§ Problem:
Copy out the records precisely, omitting pictures.

• • • • • • •

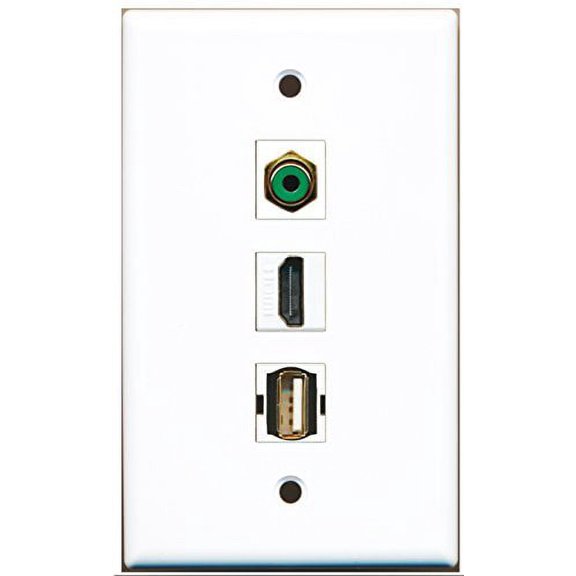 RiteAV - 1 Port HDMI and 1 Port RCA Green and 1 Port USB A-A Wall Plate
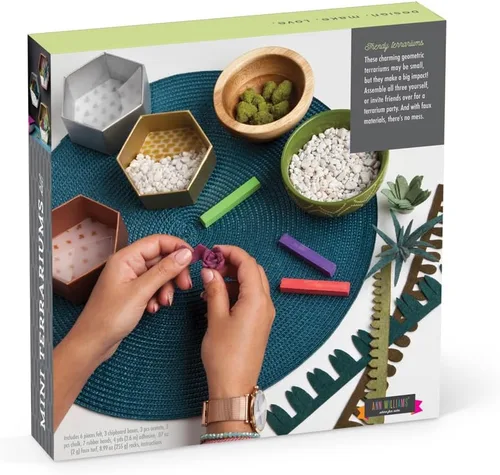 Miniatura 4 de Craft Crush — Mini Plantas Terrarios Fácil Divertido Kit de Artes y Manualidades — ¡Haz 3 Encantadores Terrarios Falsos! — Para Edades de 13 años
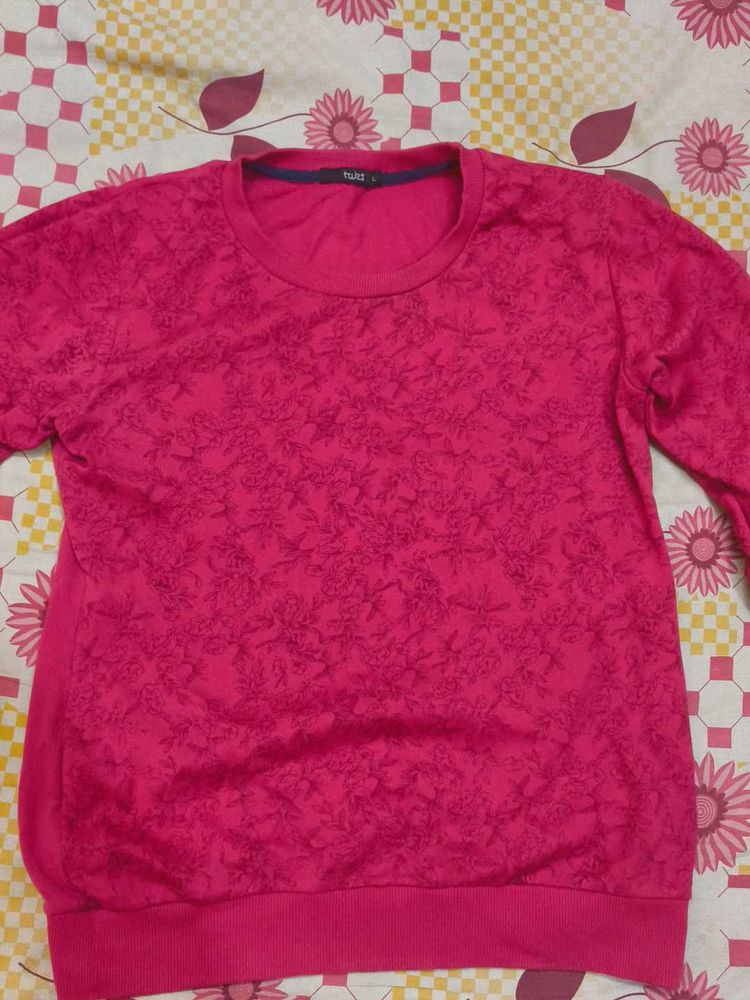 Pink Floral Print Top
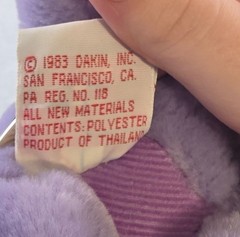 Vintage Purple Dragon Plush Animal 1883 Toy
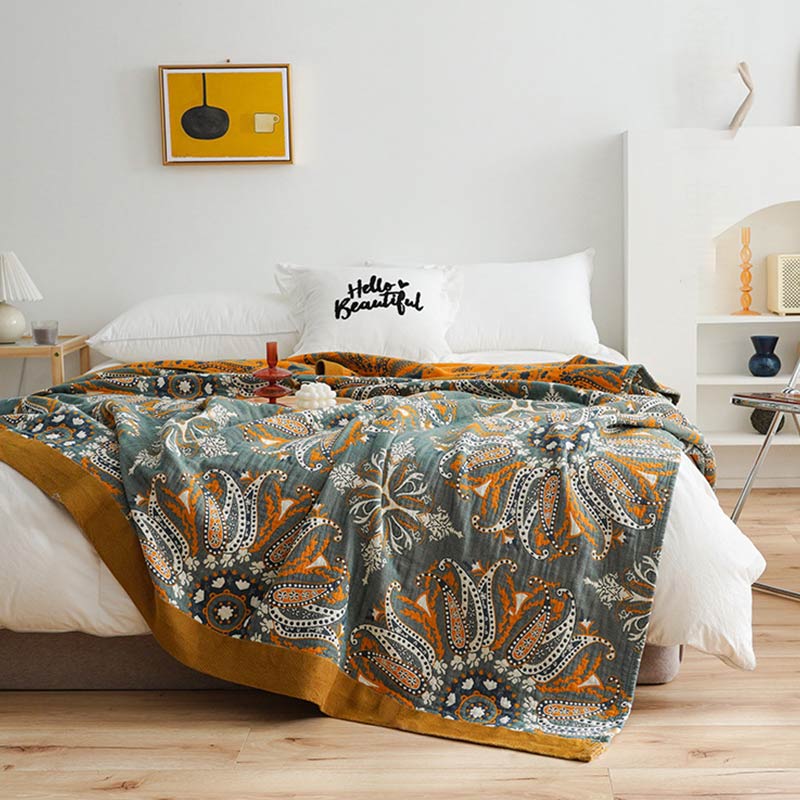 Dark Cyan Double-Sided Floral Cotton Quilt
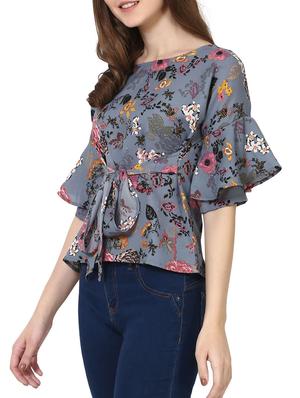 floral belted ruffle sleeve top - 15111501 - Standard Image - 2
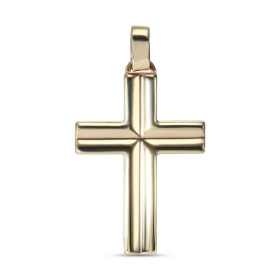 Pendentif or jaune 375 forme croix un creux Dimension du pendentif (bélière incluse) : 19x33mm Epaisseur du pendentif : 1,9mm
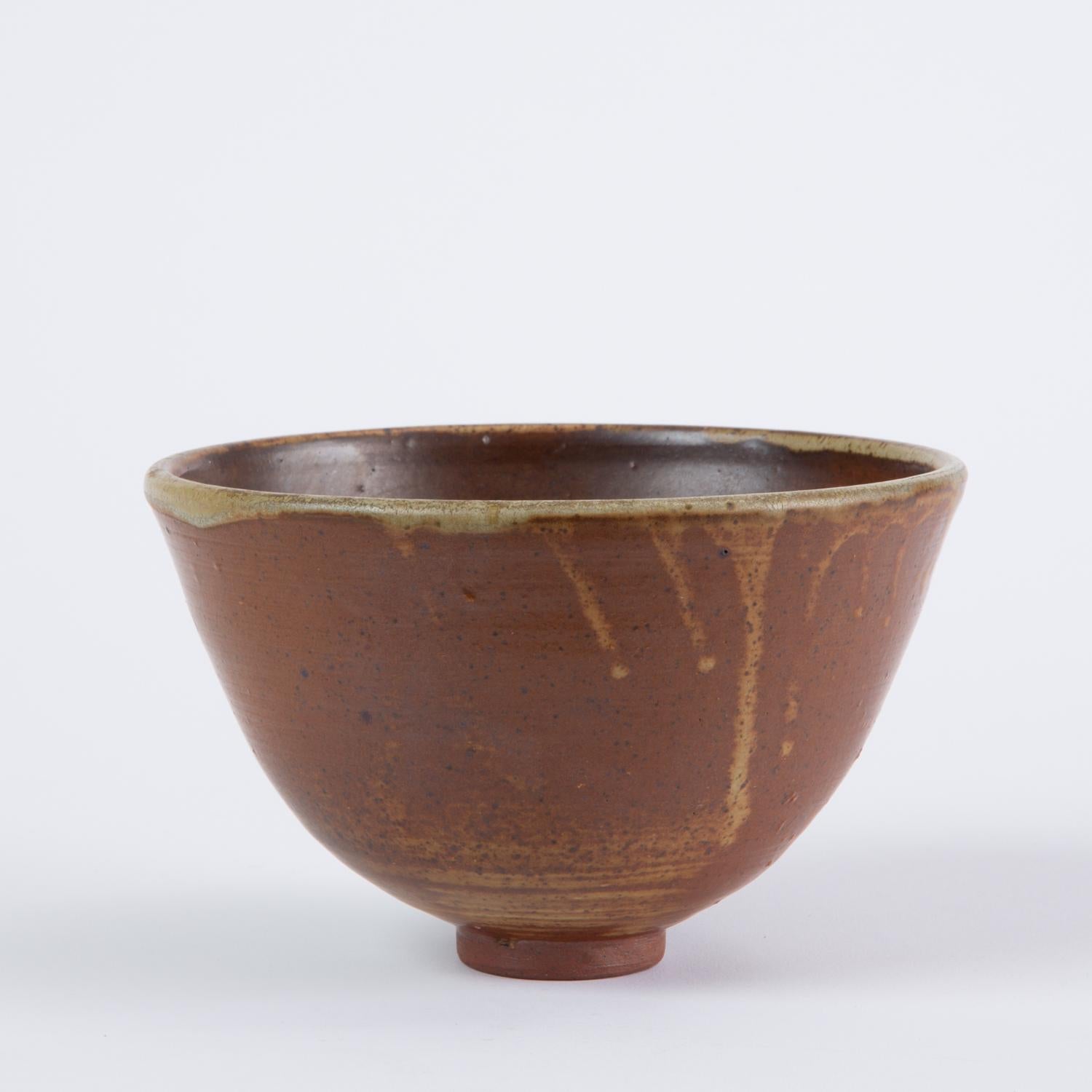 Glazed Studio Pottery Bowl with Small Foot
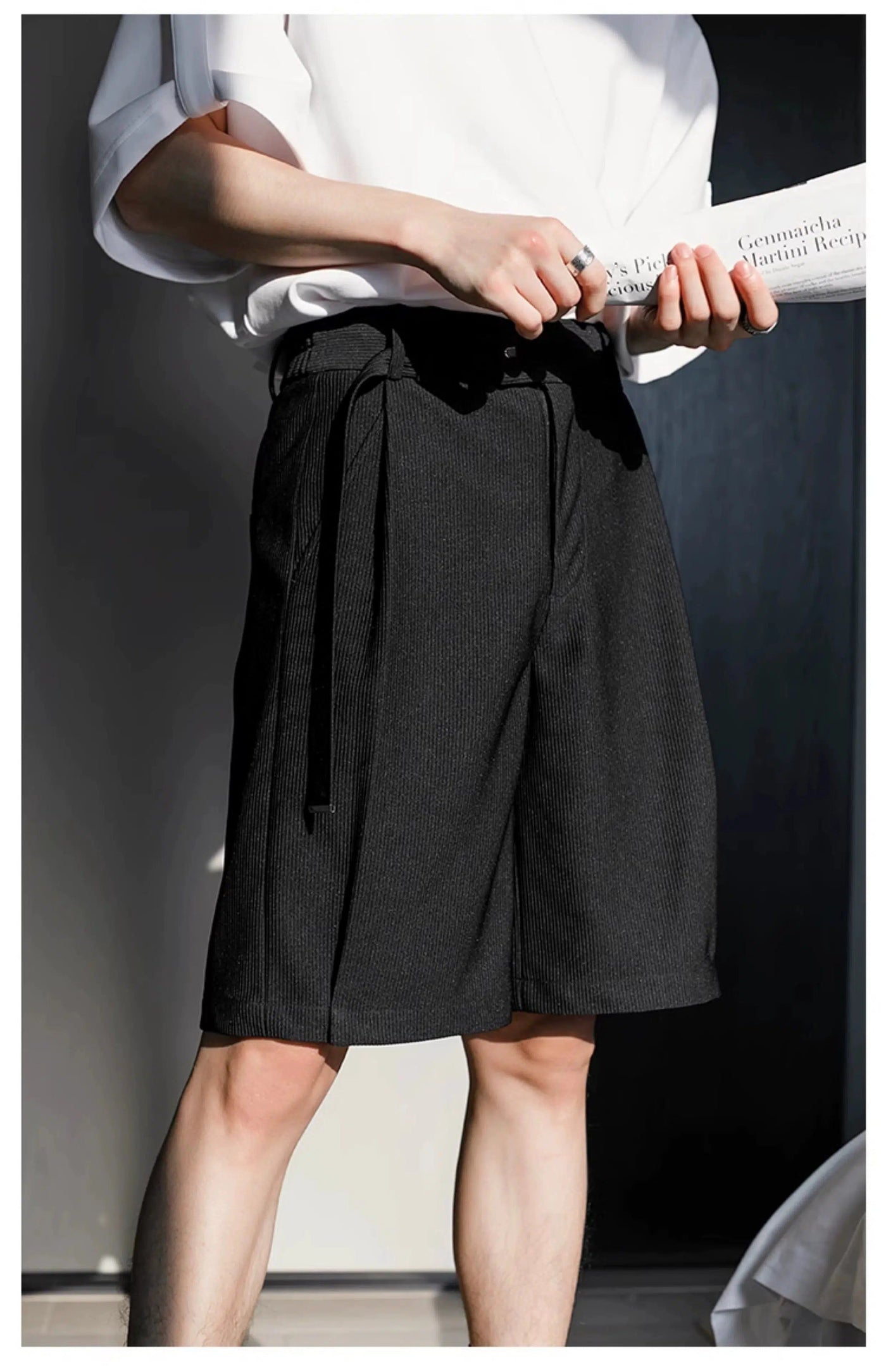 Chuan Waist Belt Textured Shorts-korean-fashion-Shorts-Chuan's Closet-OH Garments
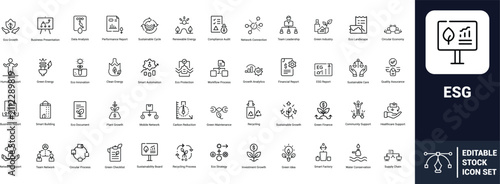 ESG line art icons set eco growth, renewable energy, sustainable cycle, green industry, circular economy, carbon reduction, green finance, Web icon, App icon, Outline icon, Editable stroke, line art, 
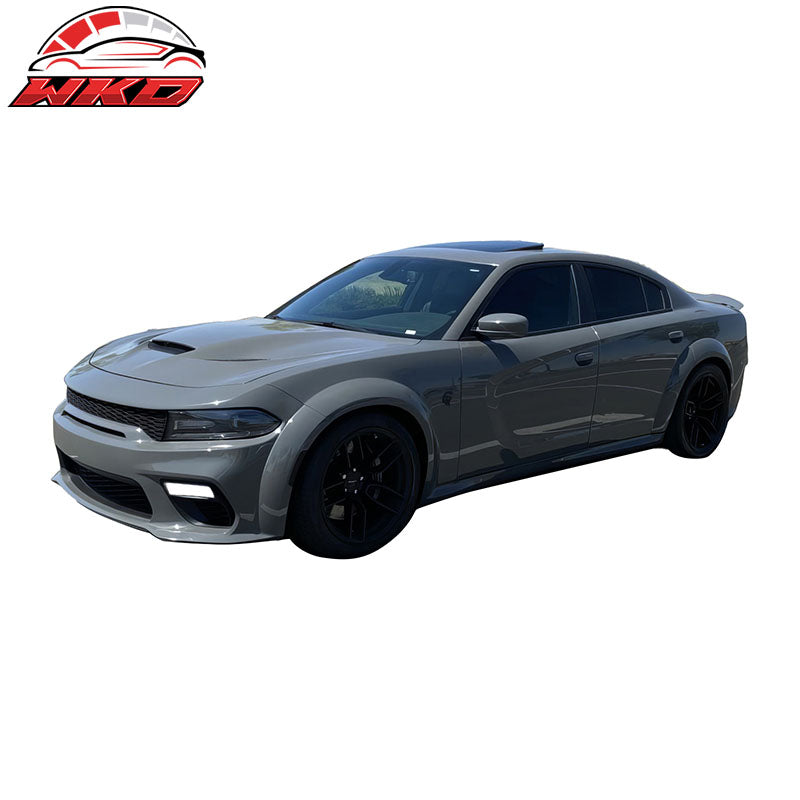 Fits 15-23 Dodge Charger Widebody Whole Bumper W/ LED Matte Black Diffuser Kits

• • • • • • •

§ Answer below:
 RiteAV - 1 Port HDMI and 1 Port RCA Green and 1 Port USB A-A Wall Plate
 Miniatura 4 de Craft Crush — Mini Plantas Terrarios Fácil Divertido Kit de Artes y Manualidades — ¡Haz 3 Encantadores Terrarios Falsos! — Para Edades de 13 años
 Pink Floral Print Top
 Vintage Purple Dragon Plush Animal 1883 Toy
 Dark Cyan Double-Sided Floral Cotton Quilt
 floral belted ruffle sleeve top - 15111501 - Standard Image - 2
 Pendentif or jaune 375 forme croix un creux Dimension du pendentif (bélière incluse) : 19x33mm Epaisseur du pendentif : 1,9mm
 Glazed Studio Pottery Bowl with Small Foot
 Chuan Waist Belt Textured Shorts-korean-fashion-Shorts-Chuan's Closet-OH Garments
 ESG line art icons set eco growth, renewable energy, sustainable cycle, green industry, circular economy, carbon reduction, green finance, Web icon, App icon, Outline icon, Editable stroke, line art, 
 Fits 15-23 Dodge Charger Widebody Whole Bumper W/ LED Matte Black Diffuser Kits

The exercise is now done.